Liar’s Dice, as seen in Pirates of the Carribean.

Yahtzee, of course.

Mexican.

OTOH, maybe you don’t want to teach your kids that “55” is known as “tits in a window”. :wink:

Golf for quarters. It’s probably got a proper name, but we always called it golf.

6d6. Everyone puts in a quarter, or token. Winner takes all. Ties are solved by reroll.

Roll all six dice, you can choose to keep or reroll any of the dice, but you must keep at least one each time you role. The point is to get the lowest score, and 3’s are worth 0.

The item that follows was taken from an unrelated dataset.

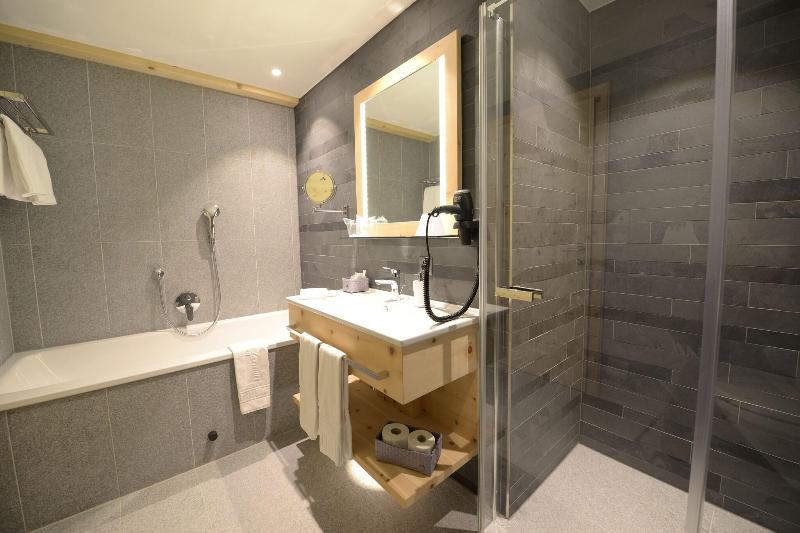 Номер Deluxe Вид на Горы, Alpenhotel Fleurs De Zermatt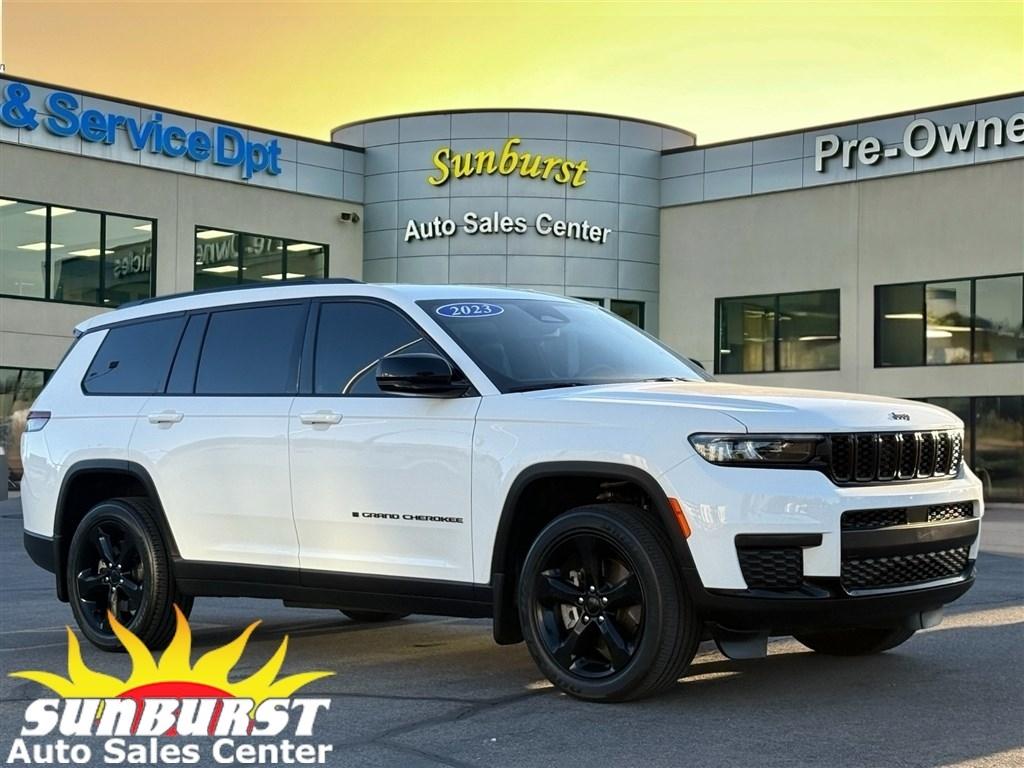 2023 Jeep Grand Cherokee L Altitude 4x4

Oh, and not directly to the OP, but a deck of cards takes up about the same amount of space as that dragonsbreath worth of dice, and opens up a lot more game possibilities.

Pig: (from Wikipedia)

You need a set of Cosmic Wimpout dice.

I remember chinchirorin, a Chinese dice game played with three dice and a bowl, was featured in the Suikoden series of PlayStation games. It was a great way to make a large amount of scratch in the game, and you needed it because upgrading your characters’ weapons required a mint. Fun, simple game.

That’s what I was going to come in here to say. We used to play this at lunch all the time.

Reiner Knizia’s “Decathlon” All you need is 10 dice and a score sheet. You can print one out from this link

We used to like a game called “Zilch” (it may have other names). Six dice, you roll them all and keep some scoring combination, and then roll the rest; or stick on your current score provided it is worth at least 1000. Game is any previously agreed score. Scoring combinations are:

1-2-3-4-5-6 sequence on one throw of all the dice - 1000
1-1-1 - 1000
n-n-n (n >1) - 100n
A single 1 - 100
A single 5 - 50

If all six dice have scored, all become “live” again, but any throw of your presently “live” dice that yields no score voids all of your current turn (so you score “zilch”). You do not have to keep all dice that can score.

A similar game to Malacandra’s that my grandparents used to play was “10,000.” They only used five dice; 1-2-3-4-5 was not scored specially; you’re forced to freeze all scoring dice; and the winner is the first player to 10,000, though each other player does get one last turn.

I’d never heard of the six dice version until the prior post, though that’s how the 10,000 article on Wikipedia explains the game, too.

Just encountered this thread this morning while searching the forum for “Farkle” as I just learned that game last week. To me, Farkle is a more interesting game than Yahtzee as Farkle has the element of wiping out your turn’s score, similar to the game Pig mentioned by needscoffee:

The rules needscoffee quoted are for the single die version. While serving aboard the USS Carl Vinson homeported in Alameda, my friends and I were introduced to the two-dice version of Pig at a bar in San Francisco’s Chinatown. The basic rules listed in that wiki article are:

This variation is the same as Pig, except:

  • Two standard dice are rolled. If neither shows a 1, their sum is added to the turn total.
  • If a single 1 is rolled, the player scores nothing and the turn ends.
    If two 1s are rolled, the player’s entire score is lost, and the turn ends.

We quickly got into the game and made it a bit more complicated. We added to the rules:

  • If your current roll score is a double (11, 22, 33, 44, etc.), you must roll again.
  • If your potential score (score going into the turn plus current roll score) is a double, you must roll again.
  • To win, you must hit 100 exactly; if you go over 100, you lose the points for your current turn and must pass the dice.
  • If your potential score is 97, you lose the points for the current roll and must pass the dice.
  • If your potential score is 98 or 99, you lose all your points and must pass the dice.

There are a bunch of roll and write games — some use custom dice, and many use different colored dice. Here is a list:

Qwixx is family friendly but does need dice of different colors. Nice that you play even on other player’s turns.